O objetivo do programa GEO CIDADES era claro.
Não houve contudo interesse maior das autoridades brasileiras.
O ICLEI, instituição mandatada para ajudar os municípios a implementar programas voltados para reduzir danos causados pelas mudanças climáticas vai na mesma direção, mas o número de municípios que aderem a seus esforços ainda é muito pequeno.
Enquanto isso, seguimos como ‘vítimas ‘ – lamentando o azar. Ou a ‘inclemência’ da natureza.
Em muitos países, como os EUA por exemplo, a população é treinada para ajudar em desastres (devido à grande ocorrência de tornados e furacões). Aqui, um indivíduo não sabe acionar sequer um tanque de oxigênio.
Legamos essas tarefas à defesa civil, aos bombeiros e agimos todos como crianças que nada sabem fazer.

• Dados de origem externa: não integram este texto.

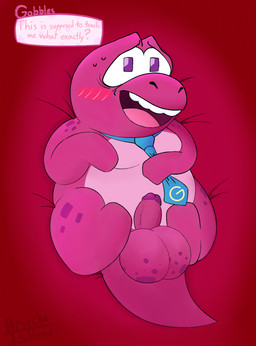 accessory anthro balls bed bedding big_balls big_balls_small_penis blanket blush blush_lines bodily_fluids dialogue disproportionate_genitalia furniture genitals huge_balls lying lying_on_bed male necktie on_back on_bed open_mouth overweight overweight_anthro overweight_male penis pink_body purple_eyes scales short small_penis solo speech_bubble sweat sweatdrop tail teeth teeth_showing text text_box tongue briocheishome gameoverse glitch_productions gobbles_(gameoverse) dinosaur prehistoric_species reptile scalie hi_res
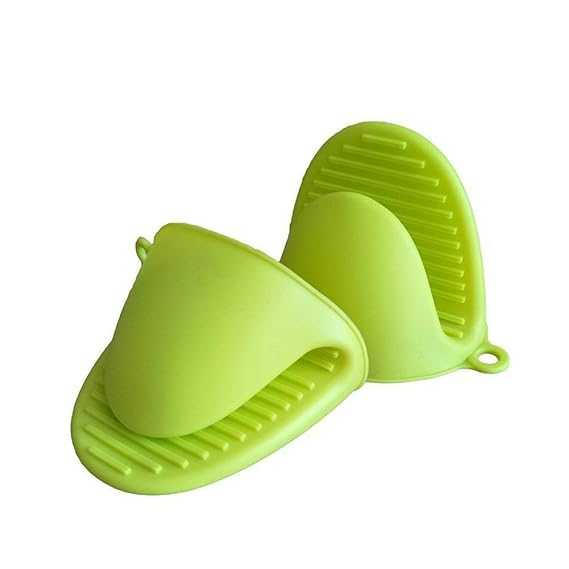 1 Pair of Silicon Pot Holder Oven Mini Gloves Cooking Pinch Handle Kitchen Heat Up Solution – Pack of 2 - Khachak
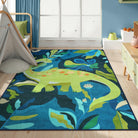 Dinoe Washable Jungle Dinosaur Navy kids Rug Area Rugs Lahome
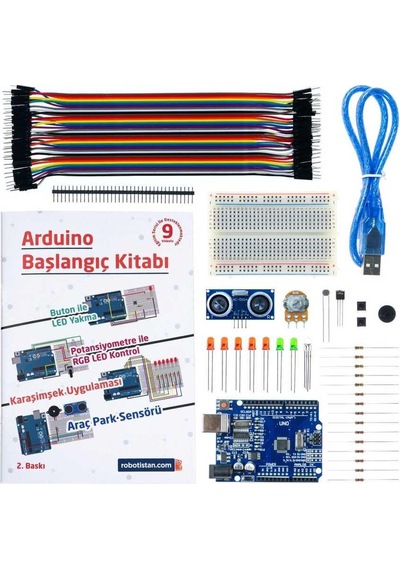 Robotistan Arduino Uyumlu Uno Başlangıç Seti (Klon) (EKitap ve Videolu)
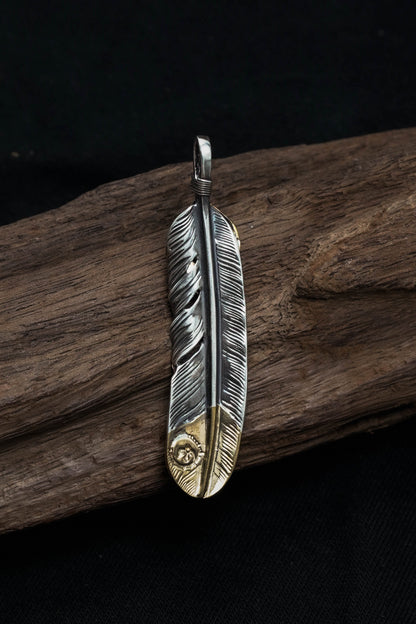 Left Feather Leaf Retro 925 Silver Pendant Takahashi Goro with Brass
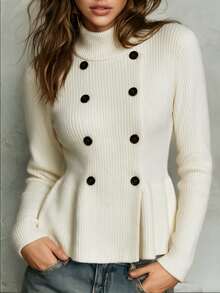SHEIN Christmas Snowflake Jacquard Turtleneck Sweater Petal Sleeve Red Knit Pullover - Beige - View 7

Amigos e amigas, a situação é clara:
a caixa de Pandora foi aberta por nós mesmos.
As profecias se realizaram e os monstros se chamam negligência, imprudência e imprevidência.
Não há outro jeito, senão recuperar esforços como as metodologias de prevenção de desastres – agora mais sofisticadas e apoiadas por tecnologia de última geração.
Devemos exigir que os relatórios de qualidade ambiental urbana sejam retomados.
Treinar a população para enfrentar desastres, incentivar a formação de equipes de voluntários.
Estamos vivendo tempos excepcionais.
Entender isso vai diminuir sofrimento futuro e dar mais sentido à esse presente que nos parece tão difícil.
As soluções não são simples, mas existem.
E agora que a área ambiental está sendo
recuperada do desmonte recente, sob ‘nova direção ‘, é preciso olhar com urgência não só o que faremos com as florestas, mas também com as cidades.